Carte blanche
2019, carrefour de toutes les tensions issues de cette « guerre bâtarde » dont est victime le Golfe
Depuis l’été 2017, la région des pays du Golfe est confrontée à l’une des plus graves crises politiques et diplomatiques de son histoire : pour la première fois depuis sa création, l’union au sein du Conseil de coopération du Golfe (CCG) a volé en éclat.
Une crise sans précédent, tant par sa méthode que par le fait qu’elle se déroule en dehors de tout cadre réglementaire dans l’histoire récente des relations internationales. Tout a commencé, du moins en apparence, le 5 juin 2017, le jour où le « Quartet », composé de l’Arabie saoudite, du Bahreïn, des Émirats arabes unis (EAU) puis de l’Égypte, a décidé de rompre ses relations diplomatiques avec le Qatar. Quelques semaines auparavant, Riyad avait reçu la visite du président américain Donald Trump. L’Arabie saoudite a ensuite imposé un blocus au Qatar et des conditions de sortie de crise qui bafouent totalement sa souveraineté, sans aucun respect des relations inter-États, et selon des prétextes dont on sait déjà qu’ils ont été inventés de toutes pièces…
On pourrait qualifier cette crise de « guerre bâtarde », pour reprendre l’expression d’Arnaud de La Grange et Jean Marc Balencie dans leur livre du même titre . Pour les auteurs, les « guerres bâtardes » désignent l’ensemble des crises qui s’en prennent à l’Occident, ce « retour des petites guerres », qu’on appelle aussi en relations internationales les « nouvelles conflictualités ». Il s’agirait ainsi des « insurgés, sous-traitants des puissances mondiales ou régionales, qui tous ont choisi de se battre contre l’Occident [là] où la force et la technologie deviennent presque inopérantes » (1).
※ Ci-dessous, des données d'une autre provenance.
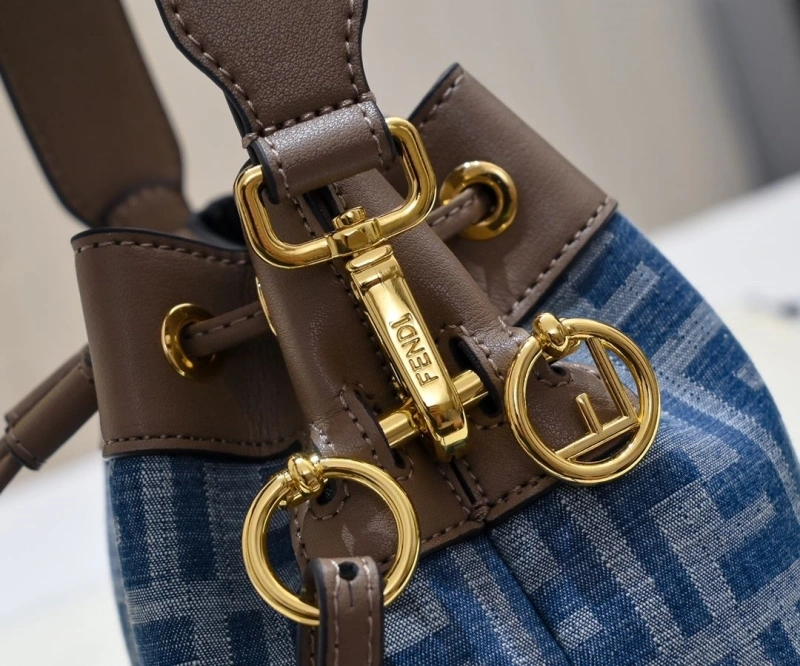 F**di bucket bags 4220c-0270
Quand les États-Unis sont incapables de prévenir un conflit au sein du CCG, leur grand allié, cela illustre bien le caractère « absurde » de ces batailles. La crise directe entre l’Arabie saoudite, les Émirats arabes unis et le Qatar relève quelque part de la « guerre bâtarde » et de la concurrence entre alliés de l’Amérique. Elle exprime une forme tourmentée d’appartenance culturelle double, d’origine moyen-orientale et d’aspiration plutôt occidentale, et provoque dans ces pays une rupture d’une identité commune que tous les autres pays veulent encore voir comme la fameuse « unité arabe ». L’Amérique divise une fois encore pour mieux régner.
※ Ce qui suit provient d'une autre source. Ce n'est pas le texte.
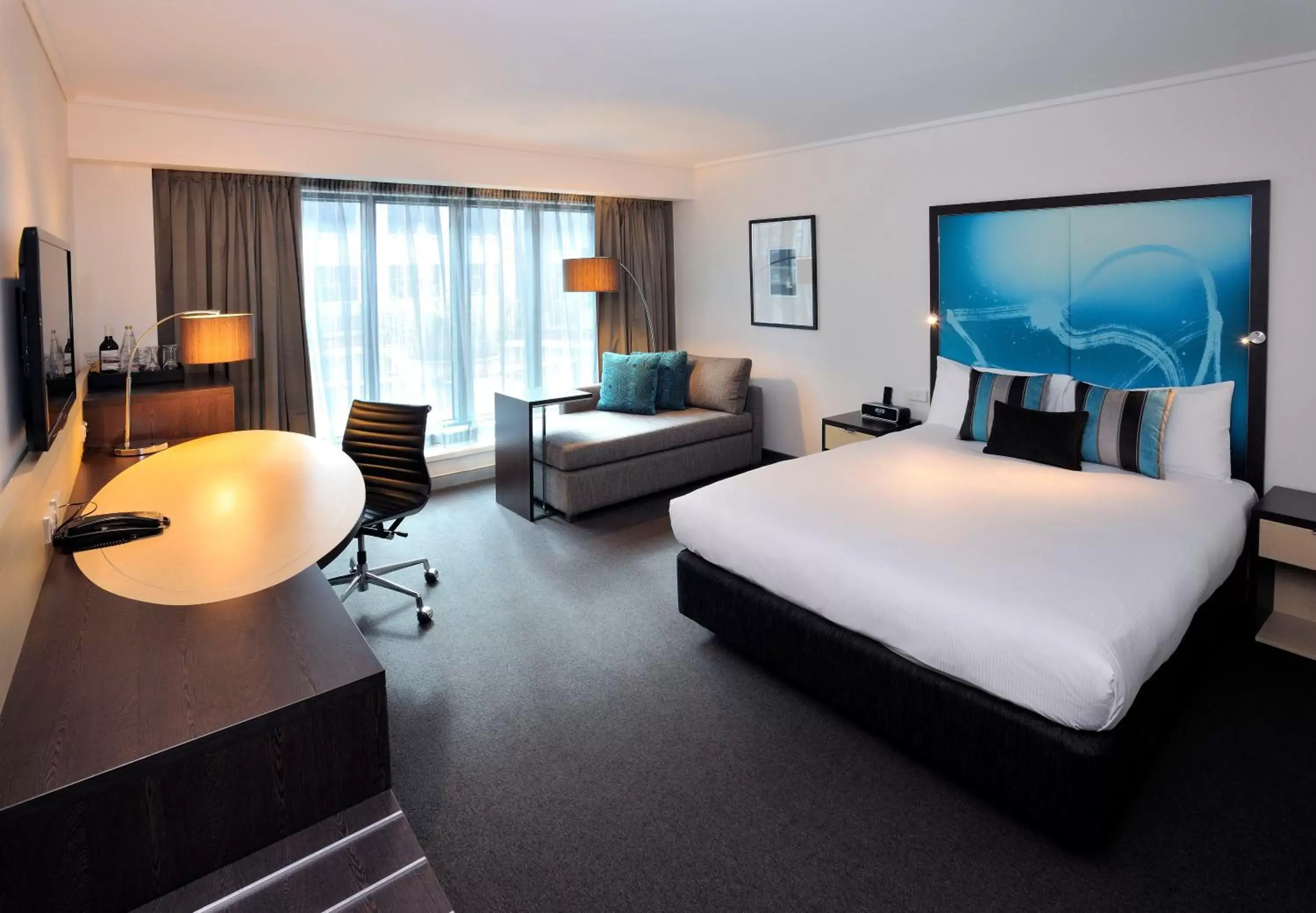 Photo of the whole room in Novotel Melbourne On Collins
Qu’il s’agisse des « guerres de quatrième génération » (de basse intensité, impliquant le terrorisme, guerre d’ordre psychologique) – un concept forgé notamment par William S. Lind pour caractériser le « visage changeant de la guerre », ou des crises liées aux « identités meurtrières », comme les définissait Amin Maalouf (2) – le besoin d’appartenance collective, culturelle, religieuse ou nationale provoque souvent la peur de l’autre et sa négation. Comme le dit Maalouf, « l’identité n’est pas donnée une fois pour toutes, elle se construit et se transforme tout au long de l’existence ». L’alliance des pays du Golfe avec l’Occident n’est-elle pas en train de faire exploser leur propre identité jusqu’à produire artificiellement des divisions culturelles profondes entre leurs peuples tous issus du sable et du désert ? Aujourd’hui, même leur lutte commune contre le terrorisme ne suffit plus à les souder. Ils se reprochent même les uns les autres d’y concourir.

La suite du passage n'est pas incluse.